Allah Swt. mengajarkan Nabi Nuh As. bagaimana menghadapi kaumnya yang tidak mau beriman kepadanya. Mulailah memikirkan Surah Nuh ayat 15 dan seterusnya. Bagaimana bisa ada langit yang bertingkat-tingkat? Ada bulan dan matahari? Tanaman? Semua hal yang ada di hamparan bumi? Ada rangsangan kepada umat Nabi Nuh As. untuk berpikir. Karena tidak mungkin sesuatu yang ada di dunia ini terjadi dengan sendirinya. Ada Dzat di luar alam yang disifati dengan kesempurnaan yang menciptakan semuanya.

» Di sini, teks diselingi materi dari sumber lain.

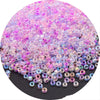 A pile of iridescent pink and purple glass rice beads for DIY jewelry and crafting.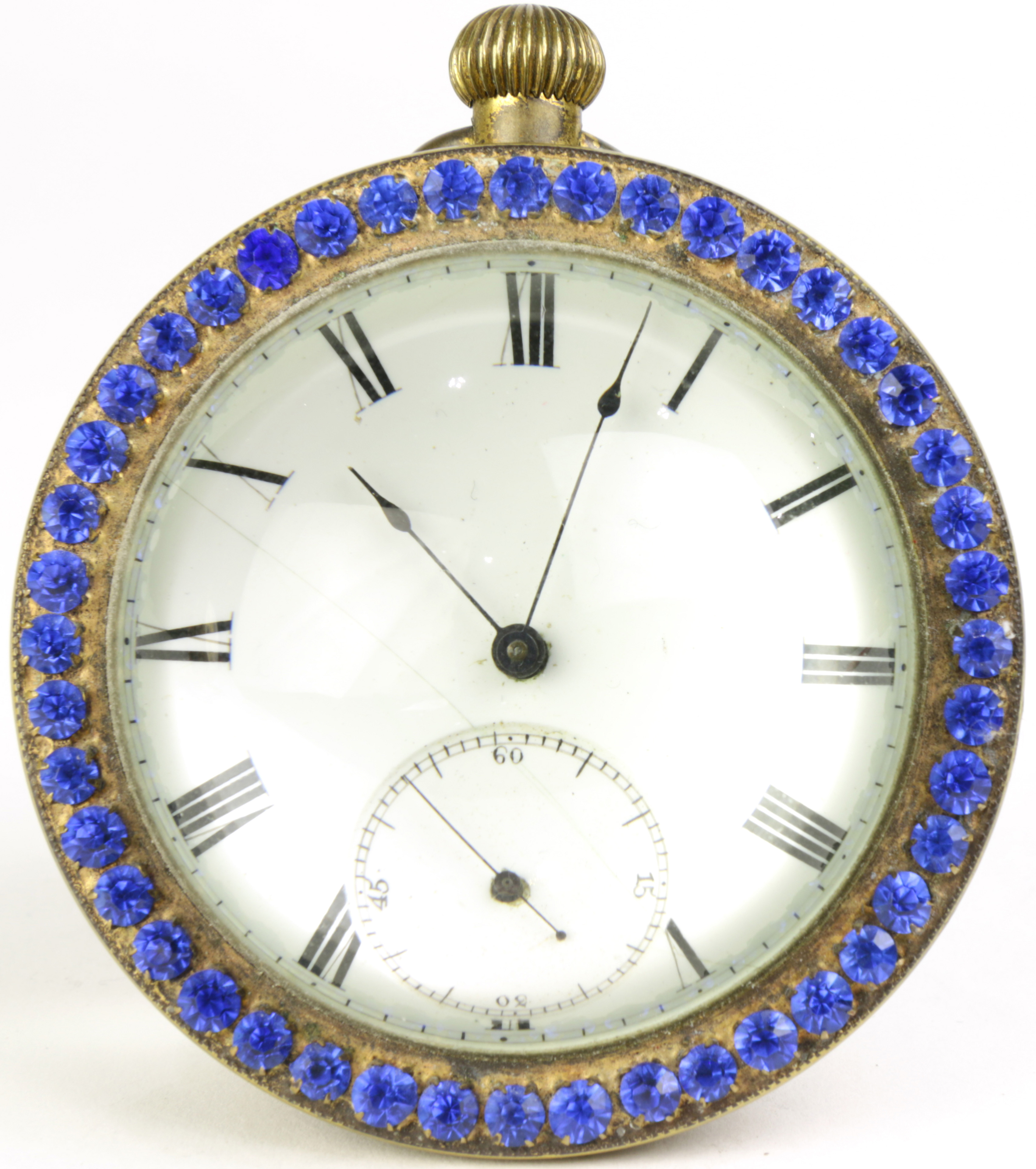 An antique "jeweled" brass mounted paperweight desk clock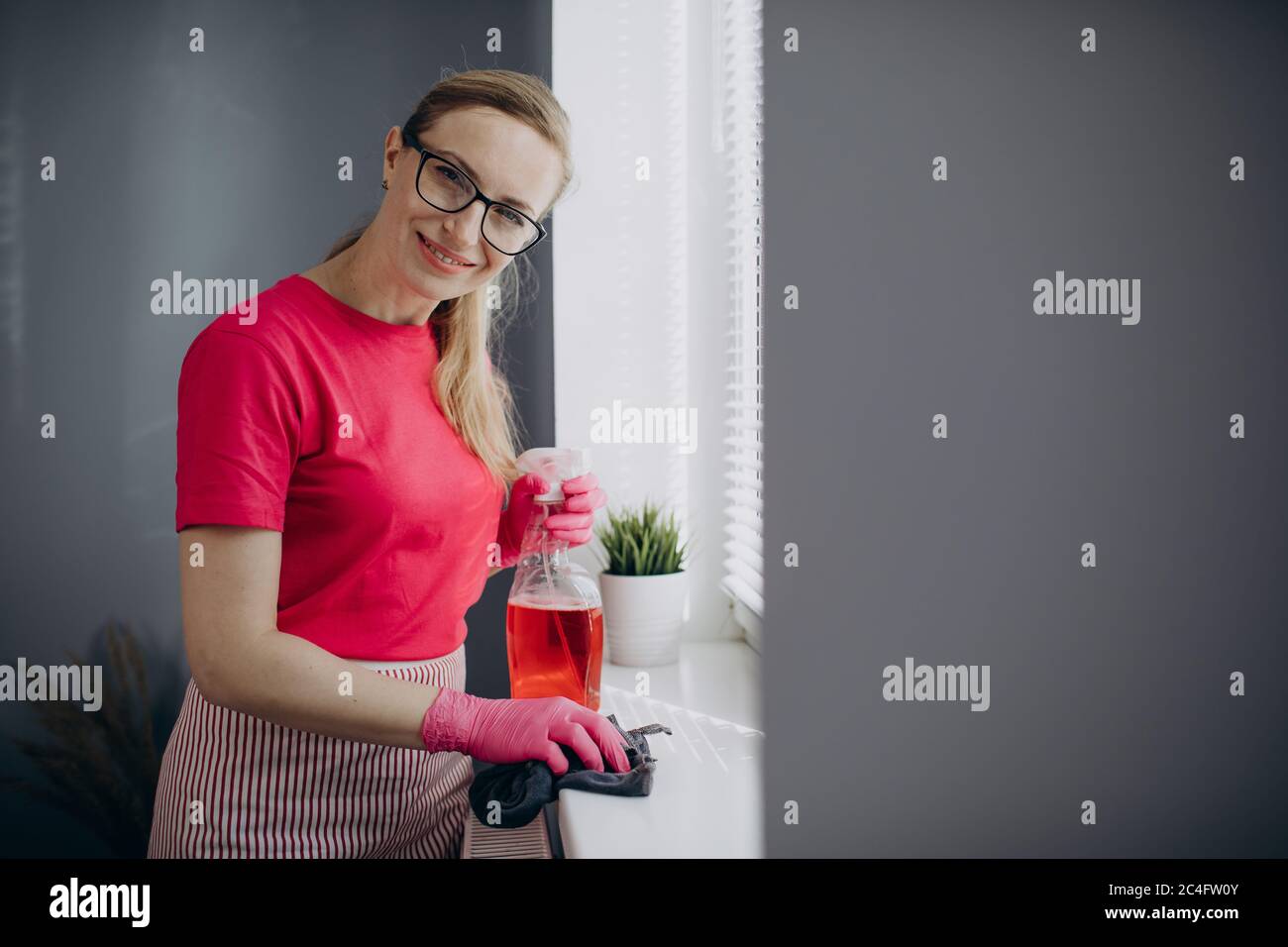 Woman using cloth and spray for cleaning windowsill Stock Photo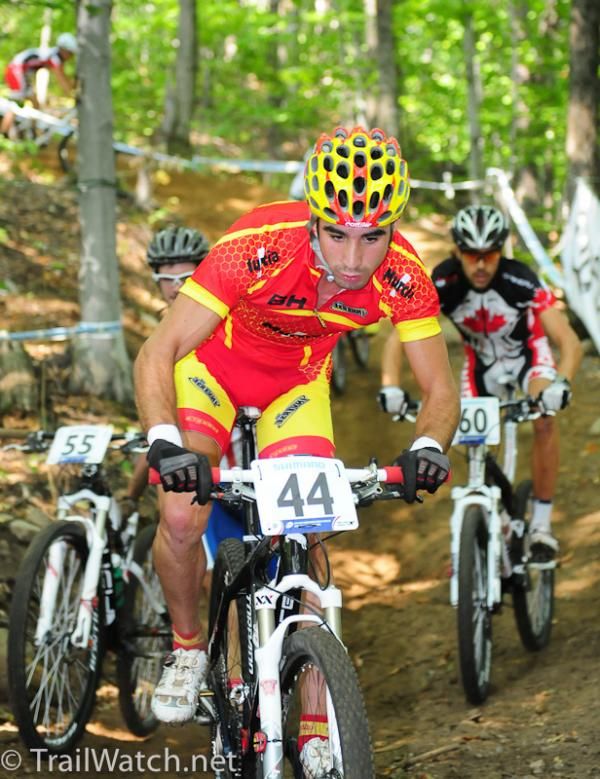 David Lozano Riba (Spain) passes a rider on foot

Tidak ada lain bagi seluruh makhluk selain menyembah-Nya.
__________________________________________________
Ada sebuah cerita menarik disampaikan oleh Syekh Ahmad Thaha Rayyan mengiringi nasehat di awal. Tersebutlah Abu Bakar al-Baqillani (w. 403 H) hidup di Baghdad pada masa keemasannya. Masa-masa dimana ajaran-ajaran di dunia ini diperjuangkan dengan argumentasi di arena debat, bukan dengan pedang di medan laga. Salah satu aktor di arena debat itulah al-Baqillani. Kemasyuhran dan pengakuan ulama membawanya ke Konstantinopel, ibukota negara adidaya di masa itu. Ia ditantang debat oleh para pemuka agama Nasrani di sana, di pusatnya.

Sesampai di lokasi, al-Baqillani menyalami para pemuka agama Nasrani satu persatu. “Gimana kabarnya Pak? Sehat ya?” Di tengah-tengah ramah tamah tersebut al-Baqillani juga menanyakan, “Gimana kabar keluarga? Sehat? Anak-anak baik-baik aja ya?” Kontan para hadirin kaget dengan ramah tamah ala al-Baqillani. Salah seorang berkomentar, “Bapak (al-Baqillani) kan sudah tahu kalau para pendeta dilarang menikah, kok Bapak menanyakan anak gimana?” Simak komentar epic al-Baqillani, “Kalian bisa mengkultuskan para pendeta dari urusan menikah dan punya anak, tapi kenapa tidak bisa melakukan hal tersebut terhadap Tuhan Penguasa alam raya?”


[1] HR. Muslim, Kitab al-Fadhâ’il, No. 6277 (ed. Makniz Islami) dari Anas bin Malik Ra.